Interaction of D₃ preferring agonist (-)-N ⁶-(2-(4- (biphenyl-4-yl)piperazin-1-yl)ethyl)-N ⁶-propyl-4,5,6,7- tetrahydrobenzo[d]thiazole-2,6-diamine (D-264) with cloned human D_2L, D_2S, and D₃ receptors: Potent stimulation of mitogen-activated protein kinases and G protein-coupled inward rectifier potassium channels

This study aims to determine the effect of the novel D₃ dopamine receptor agonist, D-264, on activation of D₃ and D₂ dopamine receptor signal transduction pathways and cell proliferation.
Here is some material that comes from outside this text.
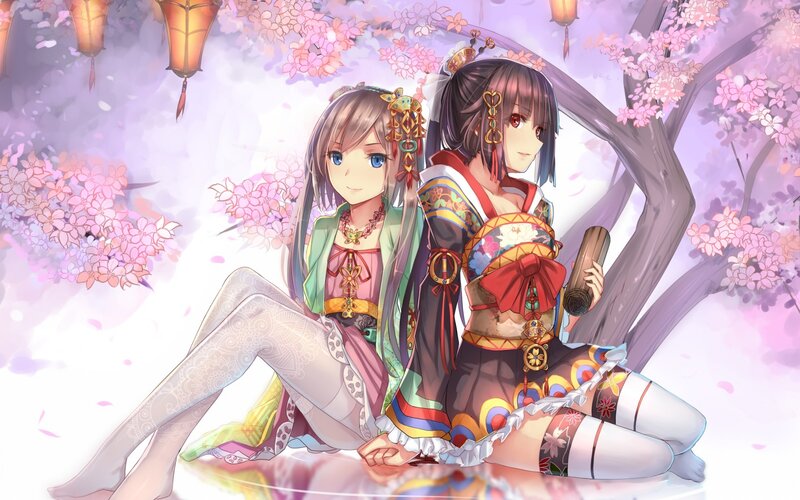 Two Girls under Cherry Blossoms — Pink, Serene, Spring, Anime, Cherry Blossoms, Lanterns, Kimono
AtT-20 neuroendocrine cells stably expressing human D_2S, D_2L, and D₃ dopamine receptors were treated with D-264 and the coupling of the receptors to mitogen-activated protein kinase (MAPK) and G protein-coupled inward rectifier potassium (GIRK) channels was determined using Western blotting and whole-cell voltage clamp recording, respectively. D-264 potently activated MAPK signaling pathway coupled to D_2S, D_2L, and D ₃ dopamine receptors. The activation of MAPK was more pronounced than the reference agonist quinpirole and was longer lasting. D-264 also activated GIRK channels coupled to D_2S, D_2L, and D₃ receptors. In addition, D-264 dose-dependently induced cell proliferation in AtT-D_2L and AtT-D₃ cells. These results indicate that D-264 robustly activates GIRK channels and MAPK coupled to D₂ and D₃ dopamine receptors in AtT-20 cells. D-264 is also a potent inducer of cell proliferation.